DATA IN THIS EXERCISE ->
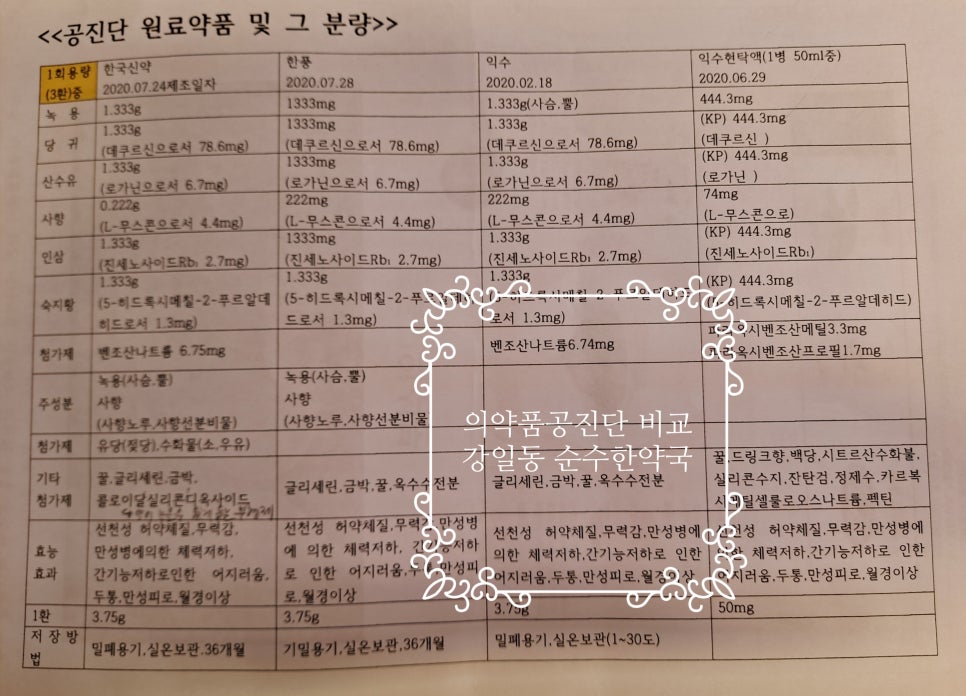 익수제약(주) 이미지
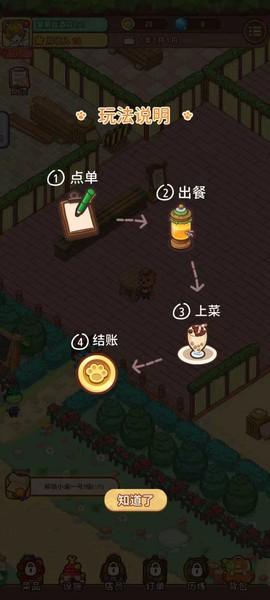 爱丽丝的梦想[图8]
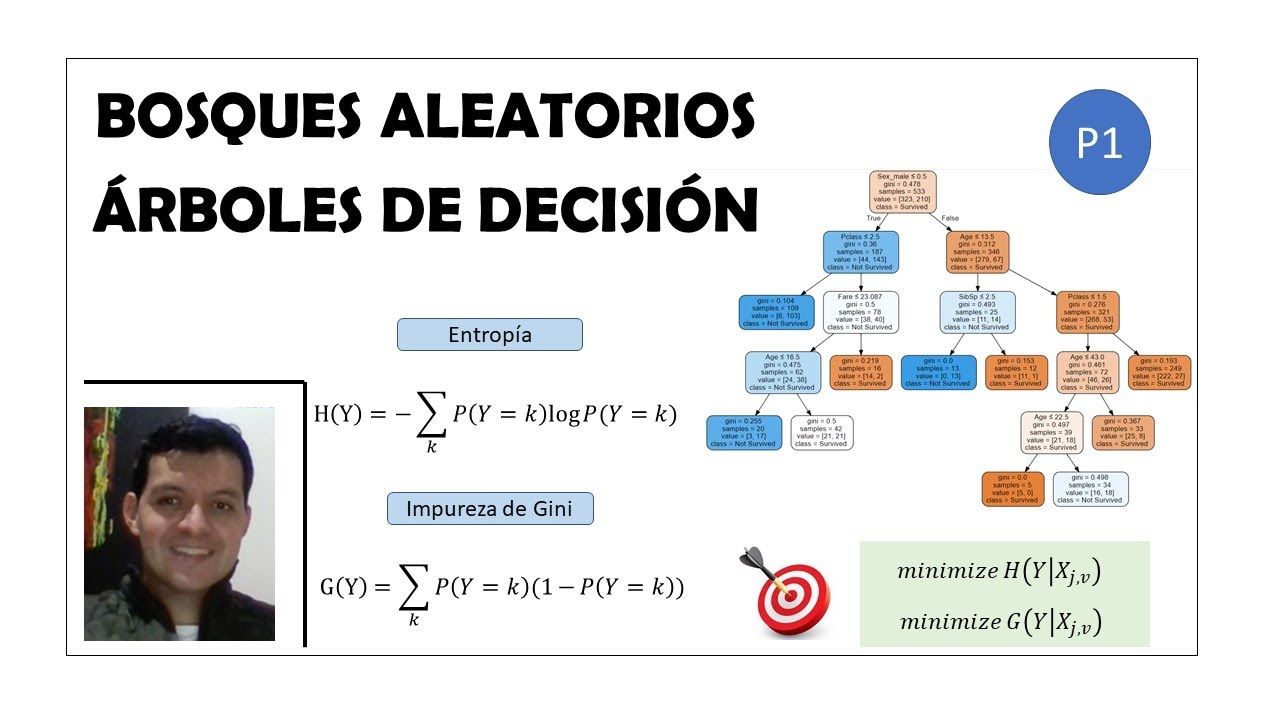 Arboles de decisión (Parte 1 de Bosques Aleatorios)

* * *

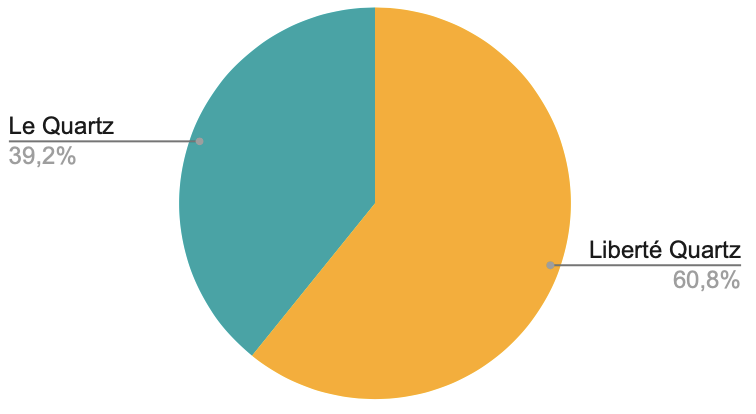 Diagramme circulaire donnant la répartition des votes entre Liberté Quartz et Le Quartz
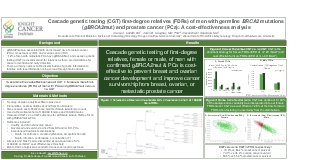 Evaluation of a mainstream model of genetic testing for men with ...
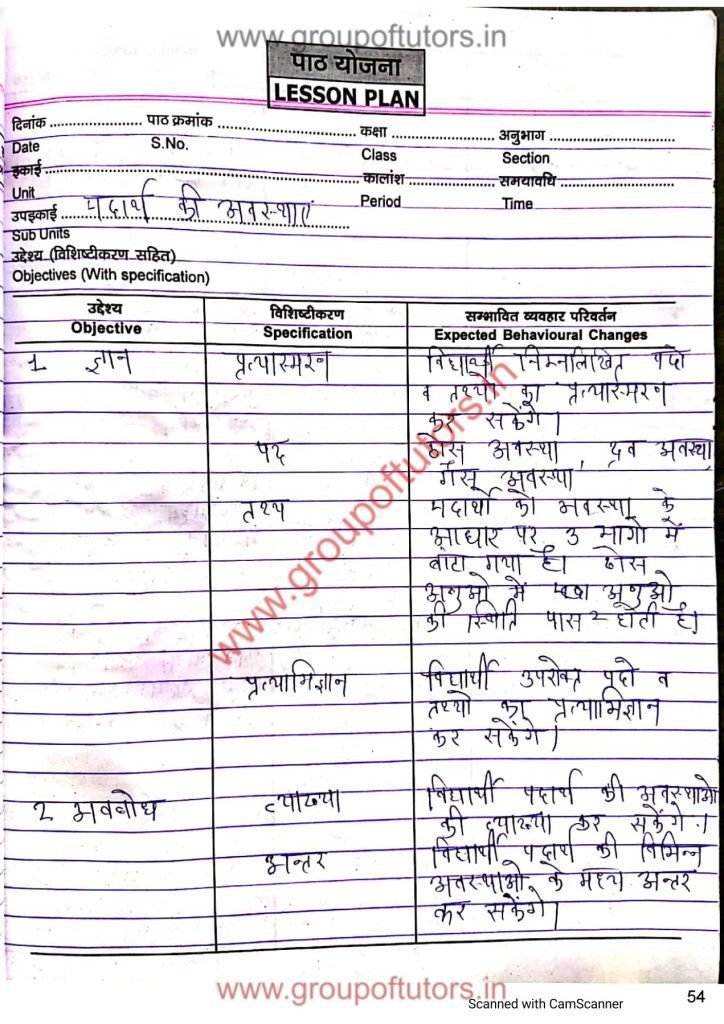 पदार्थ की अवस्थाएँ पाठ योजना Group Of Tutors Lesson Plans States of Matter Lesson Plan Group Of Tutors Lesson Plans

--

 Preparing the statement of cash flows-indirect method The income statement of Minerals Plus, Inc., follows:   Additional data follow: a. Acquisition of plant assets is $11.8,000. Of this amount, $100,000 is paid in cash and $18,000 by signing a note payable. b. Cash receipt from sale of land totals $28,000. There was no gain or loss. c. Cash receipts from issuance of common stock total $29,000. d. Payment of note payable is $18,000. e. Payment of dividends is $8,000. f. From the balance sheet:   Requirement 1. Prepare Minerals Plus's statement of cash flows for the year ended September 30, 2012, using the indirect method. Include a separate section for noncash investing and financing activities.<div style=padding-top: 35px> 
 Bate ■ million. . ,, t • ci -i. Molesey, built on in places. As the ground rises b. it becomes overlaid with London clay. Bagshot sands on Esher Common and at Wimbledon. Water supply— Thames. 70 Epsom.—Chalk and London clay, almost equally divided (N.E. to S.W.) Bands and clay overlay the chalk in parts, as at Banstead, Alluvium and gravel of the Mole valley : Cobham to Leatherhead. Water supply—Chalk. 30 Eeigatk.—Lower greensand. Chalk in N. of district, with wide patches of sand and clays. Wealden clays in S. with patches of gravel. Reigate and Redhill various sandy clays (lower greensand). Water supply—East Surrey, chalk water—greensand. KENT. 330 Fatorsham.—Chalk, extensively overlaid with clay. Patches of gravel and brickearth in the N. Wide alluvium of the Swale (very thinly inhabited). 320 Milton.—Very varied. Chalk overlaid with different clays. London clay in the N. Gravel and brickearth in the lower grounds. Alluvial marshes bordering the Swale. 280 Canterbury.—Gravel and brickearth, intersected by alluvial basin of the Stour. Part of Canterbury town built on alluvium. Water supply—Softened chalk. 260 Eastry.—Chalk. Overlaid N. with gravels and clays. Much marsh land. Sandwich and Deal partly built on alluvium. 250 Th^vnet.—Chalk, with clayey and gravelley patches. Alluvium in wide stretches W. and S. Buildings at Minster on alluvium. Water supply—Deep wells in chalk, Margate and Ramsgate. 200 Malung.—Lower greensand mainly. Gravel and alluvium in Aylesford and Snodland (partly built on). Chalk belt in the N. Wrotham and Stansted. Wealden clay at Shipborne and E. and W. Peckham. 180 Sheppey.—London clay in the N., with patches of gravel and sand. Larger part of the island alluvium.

INSTRUCTIONS FOR THE TASK -> From the records above, give again only the part that opens with the line containing "Evaluation of a" and closes with the line containing "पदार्थ की अवस्थाएँ". Keep both ends but drop the pictures.

OUTPUT FOR THIS TASK ->
 Evaluation of a mainstream model of genetic testing for men with ...
 पदार्थ की अवस्थाएँ पाठ योजना Group Of Tutors Lesson Plans States of Matter Lesson Plan Group Of Tutors Lesson Plans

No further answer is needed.